• Exercise
Only the words of the entries are wanted, repeated exactly and without images.

*** Information shown ***

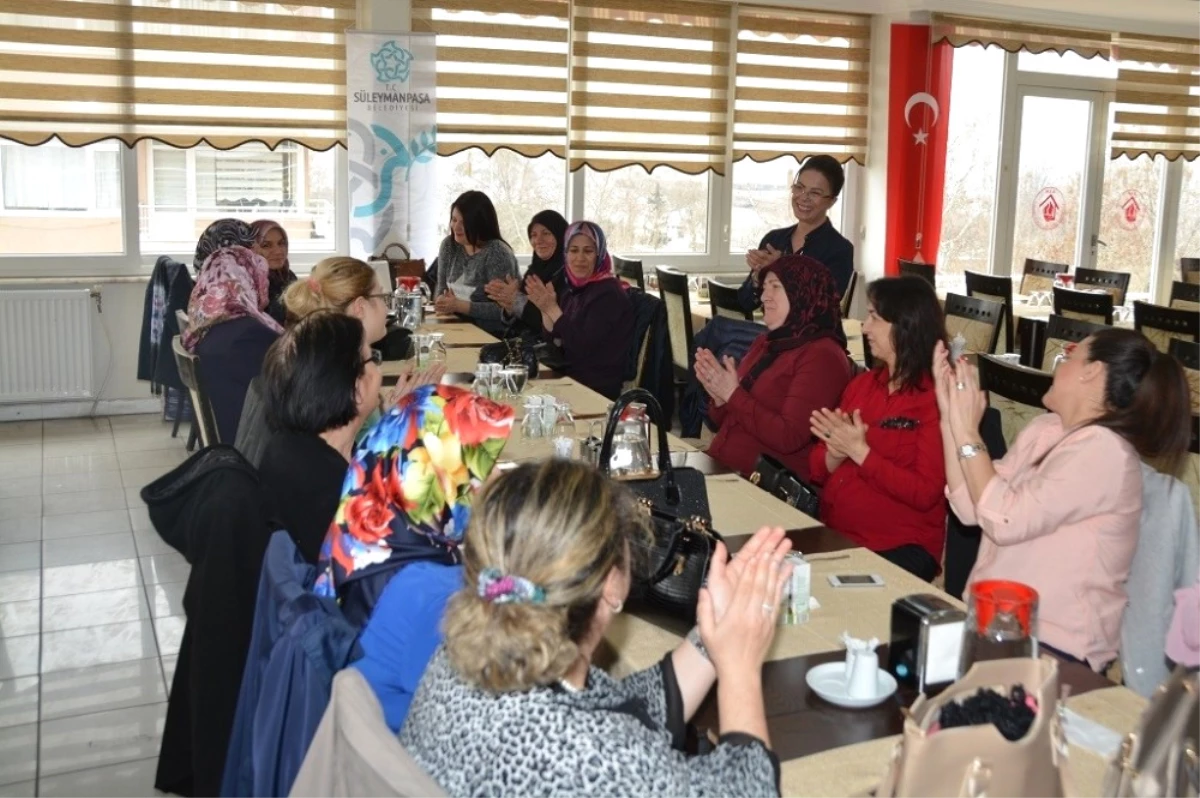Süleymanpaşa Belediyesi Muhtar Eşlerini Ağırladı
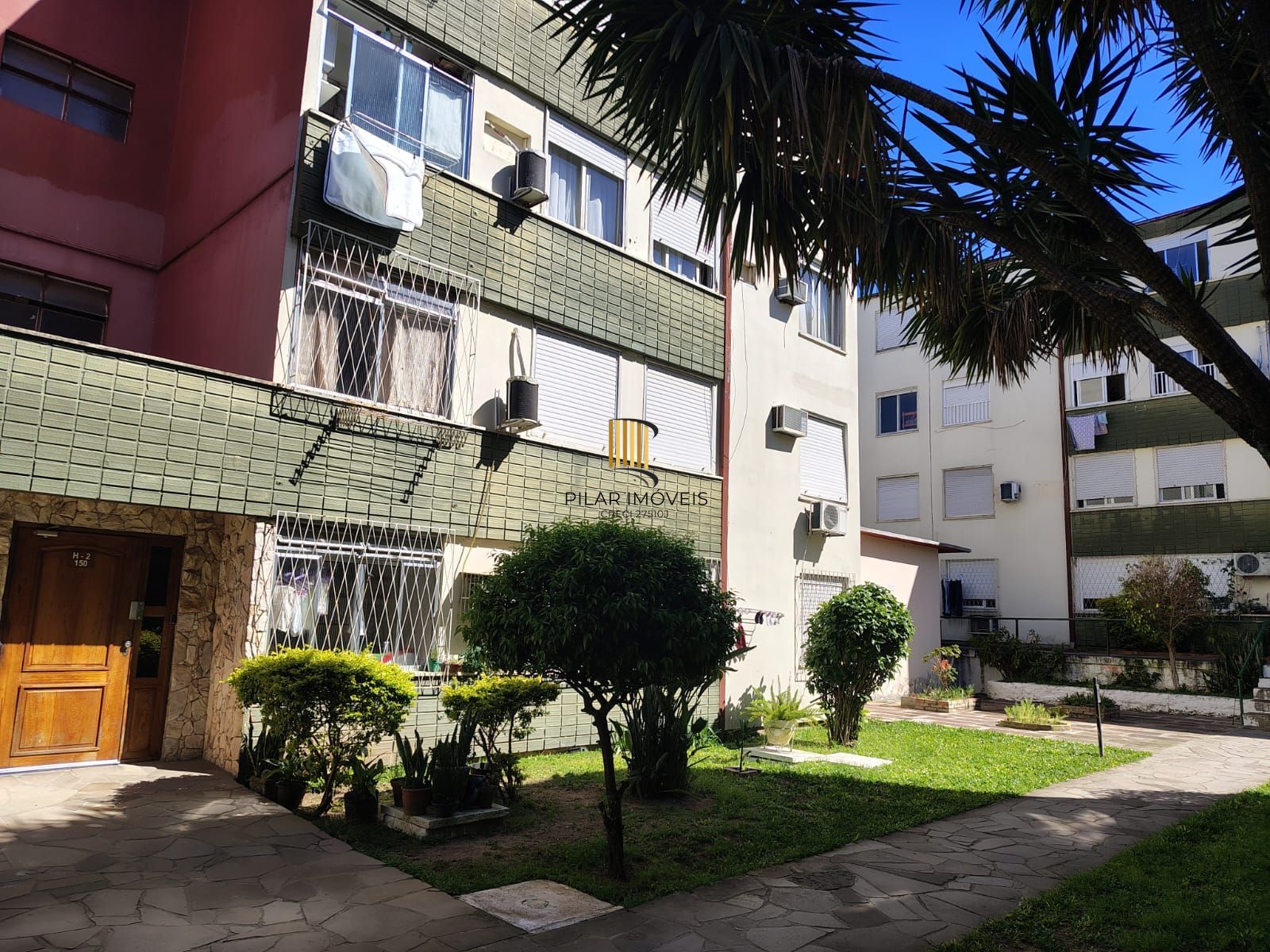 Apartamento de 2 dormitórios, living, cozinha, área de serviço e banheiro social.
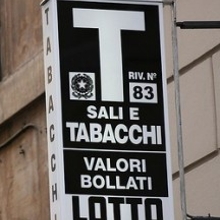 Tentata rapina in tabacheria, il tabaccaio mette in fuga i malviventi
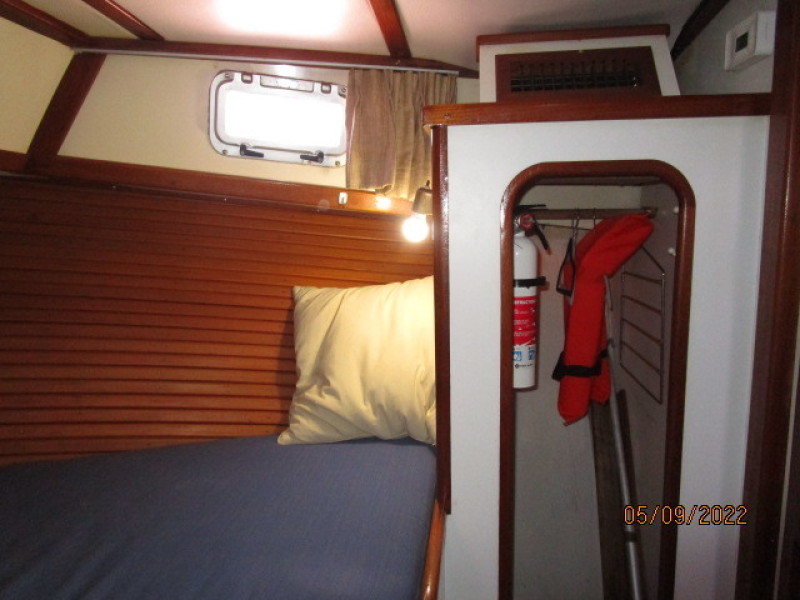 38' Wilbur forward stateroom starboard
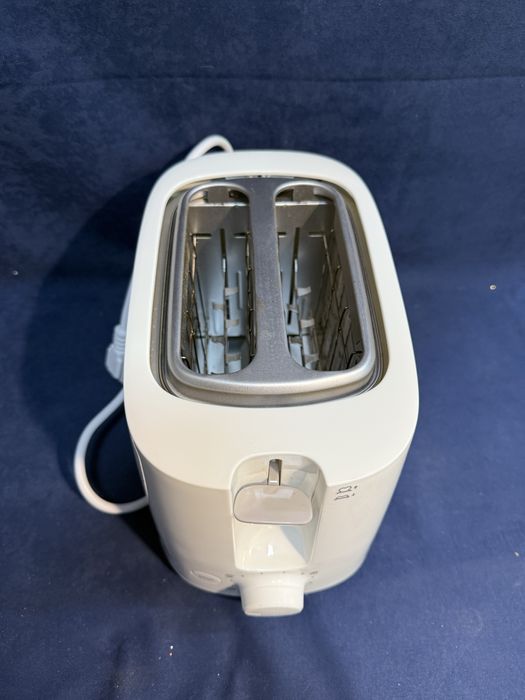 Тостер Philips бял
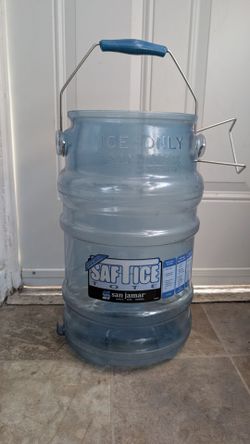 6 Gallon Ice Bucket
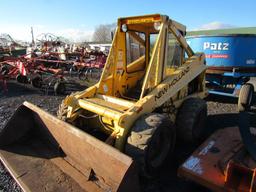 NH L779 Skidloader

***

• Your solution
Süleymanpaşa Belediyesi Muhtar Eşlerini Ağırladı
 Apartamento de 2 dormitórios, living, cozinha, área de serviço e banheiro social.
 Tentata rapina in tabacheria, il tabaccaio mette in fuga i malviventi
 38' Wilbur forward stateroom starboard
 Тостер Philips бял
 6 Gallon Ice Bucket
 NH L779 Skidloader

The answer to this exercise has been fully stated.